DATA RECORDS -
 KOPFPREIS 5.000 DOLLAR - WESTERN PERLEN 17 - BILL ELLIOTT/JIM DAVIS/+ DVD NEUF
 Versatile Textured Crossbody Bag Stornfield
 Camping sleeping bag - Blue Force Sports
--
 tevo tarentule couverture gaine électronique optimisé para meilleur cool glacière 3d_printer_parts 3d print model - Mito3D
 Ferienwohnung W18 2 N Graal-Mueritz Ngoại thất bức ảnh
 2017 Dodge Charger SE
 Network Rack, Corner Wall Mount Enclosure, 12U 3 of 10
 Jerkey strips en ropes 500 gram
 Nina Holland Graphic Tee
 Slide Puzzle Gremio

WHAT THE EXERCISE ASKS - A word-for-word copy of the lines above from the one with "KOPFPREIS 5.000 DOLLAR" through the one with "Camping sleeping bag - Blue Force Sports", inclusive, is the only output wanted.

PROBLEM SOLUTION -
 KOPFPREIS 5.000 DOLLAR - WESTERN PERLEN 17 - BILL ELLIOTT/JIM DAVIS/+ DVD NEUF
 Versatile Textured Crossbody Bag Stornfield
 Camping sleeping bag - Blue Force Sports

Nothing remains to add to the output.